The Guatemalan government announced Friday that it will ask the United States for an FBI team of experts to help recapture the leaders of the Barrio 18 gang who escaped from a prison. Last week, the government revealed the escape of 20 members of Barrio 18—designated a “terrorist” organization by both countries—from Fraijanes II prison near the capital.
“One of my first actions as minister will be to request today the collaboration of the United States government to deploy an FBI team specialized in gangs and fugitives, to assist us in the search for the 16 escaped gang members,” said the new security chief, Marco Antonio Villeda.
“We need all possible help. The FBI has the capability and the willingness to come and work with us to capture these people as soon as possible and get them off the streets,” Villeda insisted at a press conference alongside President Bernardo Arévalo.

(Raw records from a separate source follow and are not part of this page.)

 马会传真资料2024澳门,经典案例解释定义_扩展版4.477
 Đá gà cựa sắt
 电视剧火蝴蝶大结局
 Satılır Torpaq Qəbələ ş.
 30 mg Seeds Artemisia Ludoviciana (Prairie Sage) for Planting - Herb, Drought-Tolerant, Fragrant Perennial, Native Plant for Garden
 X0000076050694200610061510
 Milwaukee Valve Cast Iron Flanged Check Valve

The United States called the escape “unacceptable,” prompting Arévalo to remove the security leadership. Villeda, a career judge, took office as Minister of the Interior on Friday after the dismissal of his predecessor, Francisco Jiménez.
On Tuesday, Guatemala’s Congress declared gangs to be “terrorist” organizations and increased prison sentences for their members. So far, only four of the 20 inmates have been recaptured, and it is still unknown when and how they escaped.
We need to capture them
Villeda said that before taking office he met “with authorities from different U.S. agencies” to address the crisis and that he will also reach out to international organizations. The United States designated the Barrio 18 gang a “terrorist” organization in September, months after doing the same with its rival, Mara Salvatrucha.

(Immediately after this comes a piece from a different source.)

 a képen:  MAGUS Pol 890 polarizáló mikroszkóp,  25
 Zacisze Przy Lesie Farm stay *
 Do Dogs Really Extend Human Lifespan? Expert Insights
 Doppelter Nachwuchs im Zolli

Both gangs are responsible for the violence in the country and extort shopkeepers and passenger transport businesses. Villeda highlighted that he spent more than 30 years as a judge “enforcing the law and confronting the reality of the criminal world.”
Guatemala’s security forces have the capacity to recapture the fugitives, but the process would be slow and the public is demanding short-term results, he said. “We need to capture these people as soon as possible and, in that sense, the more help we have, the better,” he emphasized.
It will solve nothing
President Arévalo acknowledged the new minister’s judicial track record, a role in which he had to “face gangs, organized crime, and the fight against corruption.” However, many Guatemalans view the government’s promises of an effective crackdown on gangs with skepticism.

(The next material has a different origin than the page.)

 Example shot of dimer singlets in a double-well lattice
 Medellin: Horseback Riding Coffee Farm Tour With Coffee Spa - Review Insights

“Unfortunately, the new minister won’t solve anything. Everything is corrupt, and laws are useless if they aren’t enforced, nor are new prisons if inmates can escape without problems,” university student Francisco Orantes said.
New prison
To quiet criticism, Villeda said the “first priority is to take control of and overhaul our penitentiary system,” and he noted he will assess changes in the police leadership.
He also said the ministry will work “with intelligence to completely isolate maximum-security inmates, block their outside contacts, and thus reduce the influence of organized crime and lower offenses,” especially extortion.
The minister added that he will seek to speed up construction of a new maximum-security prison to house gang members.